In September 2018, LeAntonaé and Le’Than were adjudicated to be children within the meaning of Neb. Rev. Stat. § 43-247(3)(a) because Stacy failed to provide proper parental care, support, and/or supervision for the children and, subsequently, they were at risk for harm. In November 2018, the juvenile court stated that the permanency objective as to LeAntonaé and Le’Than was reunification.

In April 2019, the juvenile court adjudicated Le’Anthony, Le’Yonnie, and Legend to be within the meaning of § 43-247(3)(a) based on Stacy’s admission to the allegations that she currently had an open juvenile docket; that she failed to reunify with her children under that docket; and that the children were at risk of harm.

On May 21, 2019, the juvenile court refused to adopt the DHHS’ recommendation that the permanency objective for all five children be changed to reunification concurrent adoption. Instead, the court ceased further reasonable efforts at reunification and returned the case to DHHS for “alternative permanency planning recommendations.” At a hearing on June 20, 2019, the court changed the recommended permanency objective from reunification to adoption.

Stacy filed her notice of appeal on July 18, 2019, stating that she intended to appeal the court order dated June 21, 2019. On appeal, Stacy argued that the juvenile court erred by failing to order a rehabilitation plan, in determining that reasonable efforts at reunification were not required, and by failing to hold a hearing under Neb. Rev. Stat. § 43-283.01(6).

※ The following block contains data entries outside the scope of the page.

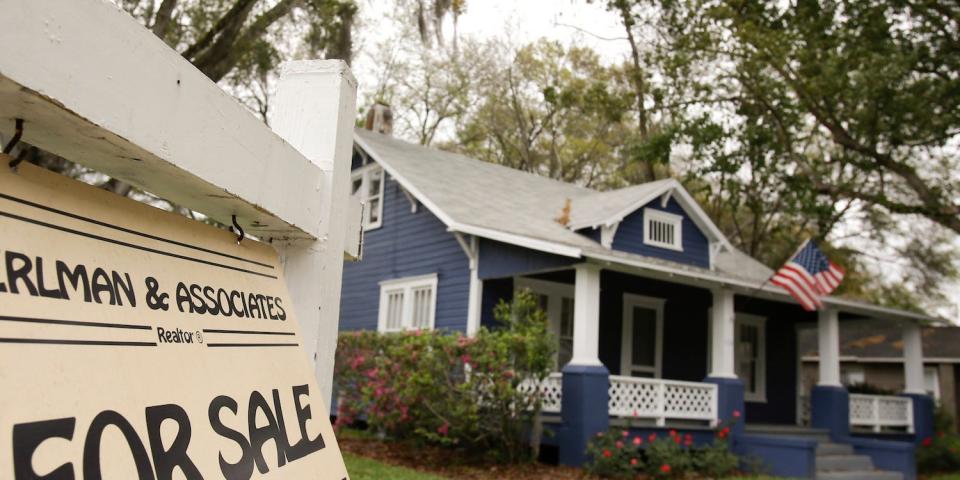A home with a "For Sale" sign.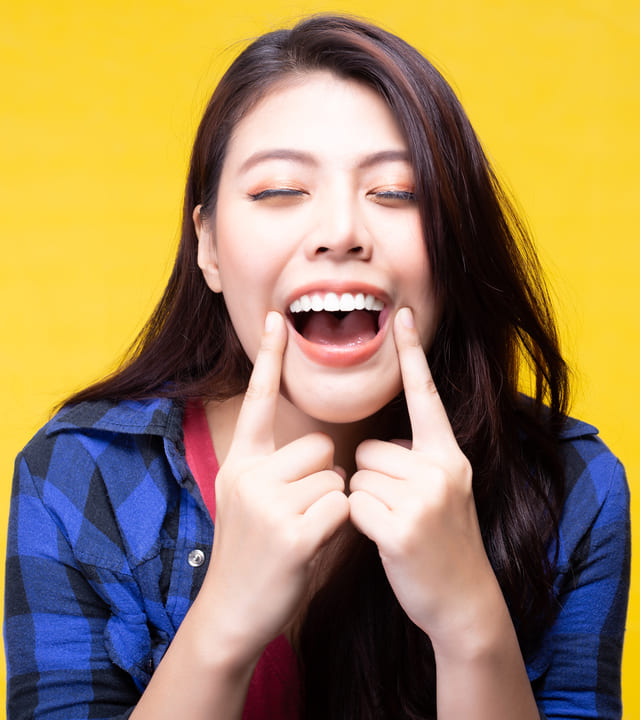 Beautiful asian woman smiling widely at the camera and pointing to her healthy gums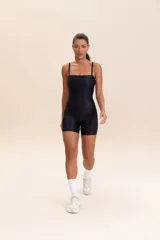Jumpsuit corto de diseño ajustado con escote cuadrado y breteles finos. Confeccionado en tejido técnico con acabado ligeramente brillante y textura acanalada, ofrece compresión media y alta elasticidad.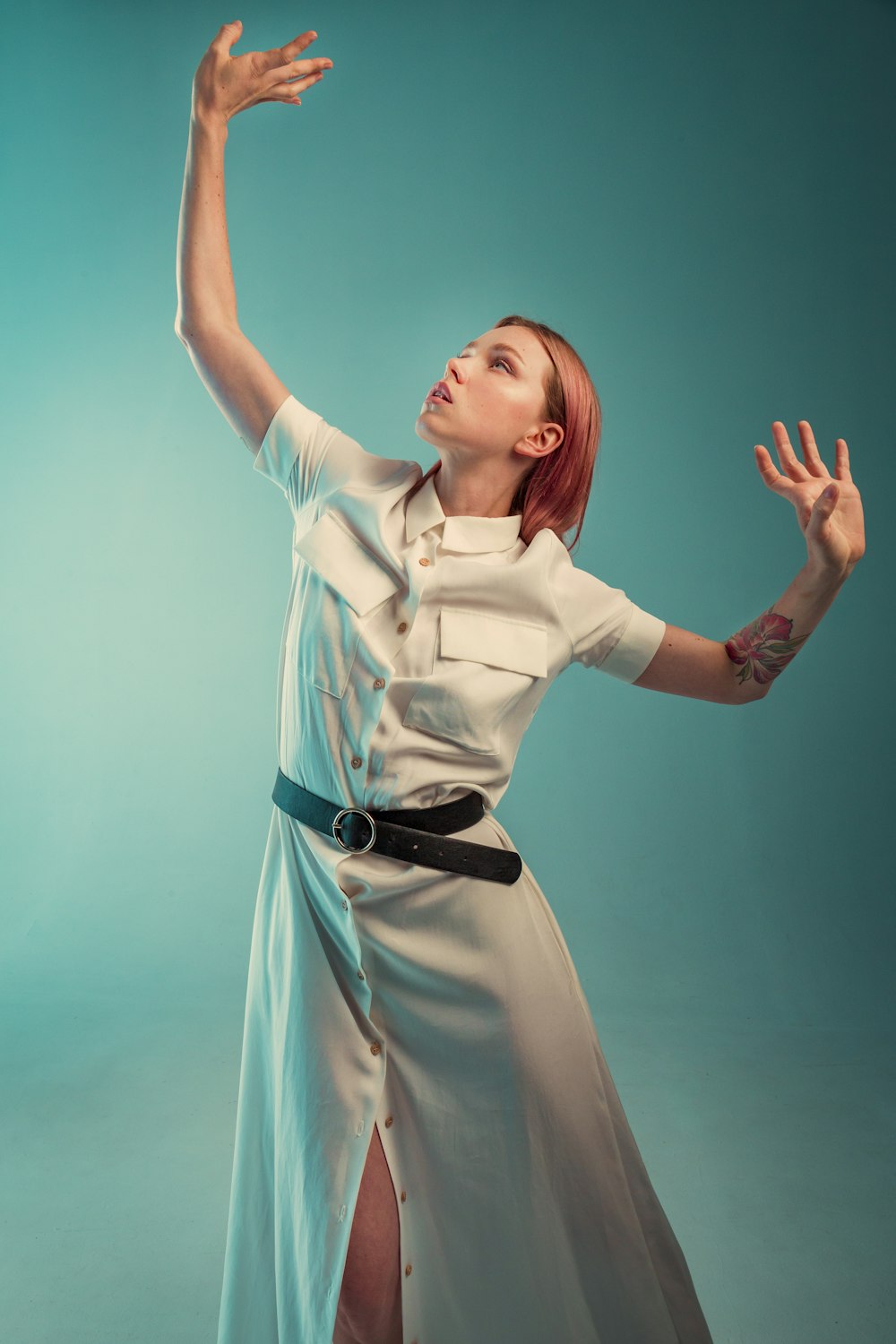 woman in white dress shirt with black leather belt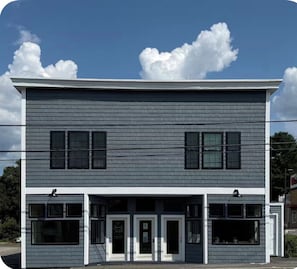 A two-story building with a flat roof, large windows, and a central entrance with a door.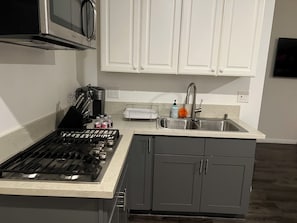 A kitchen with a gas stove, a coffee maker, a microwave, and a sink with a faucet. - Cozy 1-bedroom studio in charming Los Angeles with AC (Los Angeles)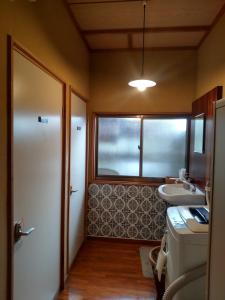 Koupelna v ubytování 駅前宿舎 禪 shared house zen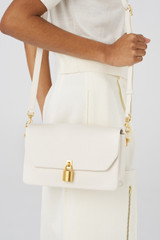 Profile view of model wearing the Oroton Tate Medium Day Bag in Paper White and Pebble Leather for Women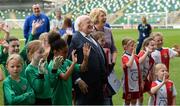 19 April 2019; The President of Ireland Michael D Higgins and his wife Sabina with players from Cliftonville FC and Linfield FC girls under 9 teams during his visit to the Irish Football Association Headquarters at the National Football Stadium in Windsor Park, Belfast. Photo by Oliver McVeigh/Sportsfile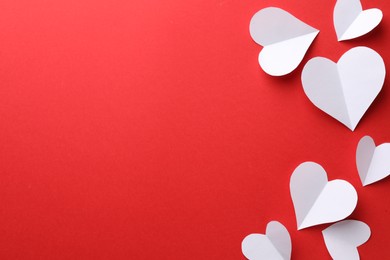 Photo of White paper hearts on red background, flat lay. Space for text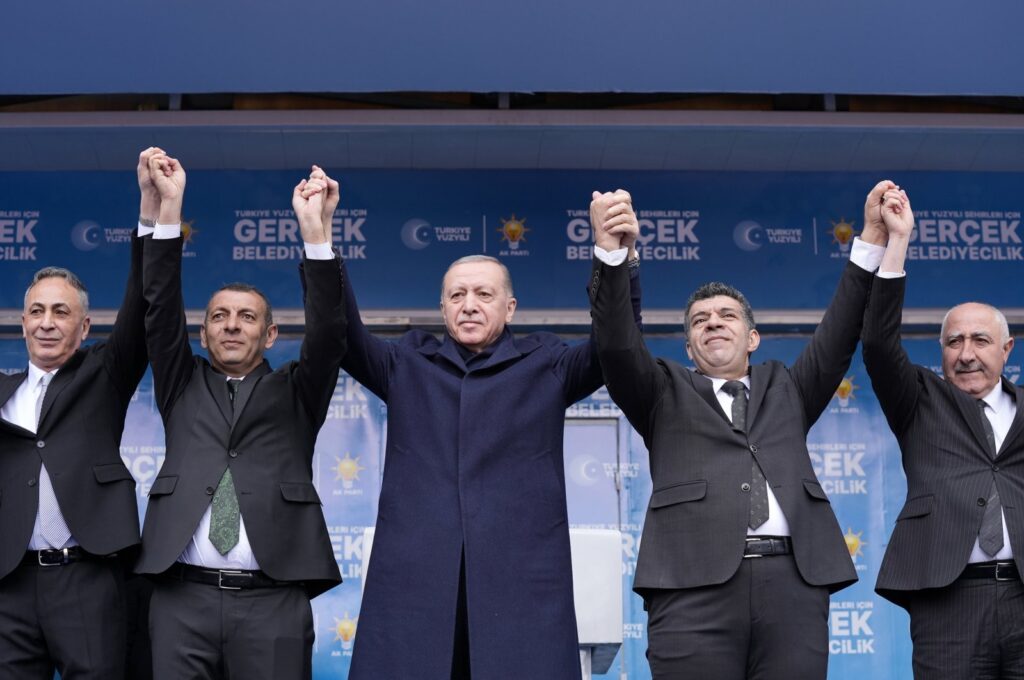 President Recep Tayyip Erdoğan (C) greets supporters with Justice and Development Party (AK Party) candidates in Ağrı, eastern Türkiye, March 14, 2024. (AA Photo)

The issue in this case is a jurisdictional one. Before reaching the legal issues presented for review, the appellate court must first determine whether it has jurisdiction over the matter before it. An order in a juvenile court proceeding is final and appealable if it affects a parent’s substantial right to raise her child. In re Interest of Octavio B. et al., 290 Neb. 589 (2015).

Stacy’s assignments of error and arguments on appeal all relate to the hearing on April 30th and the subsequent court order filed on May 21st. However, Stacy waited to file her appeal until after the June 21st order. If the May 21st order affected Stacy’s substantial right, it had to be appealed within 30 days of that order. However, if the May 21st order was part and parcel of the June 21st order, then Stacy’s appeal was timely, and the Court of Appeals has jurisdiction.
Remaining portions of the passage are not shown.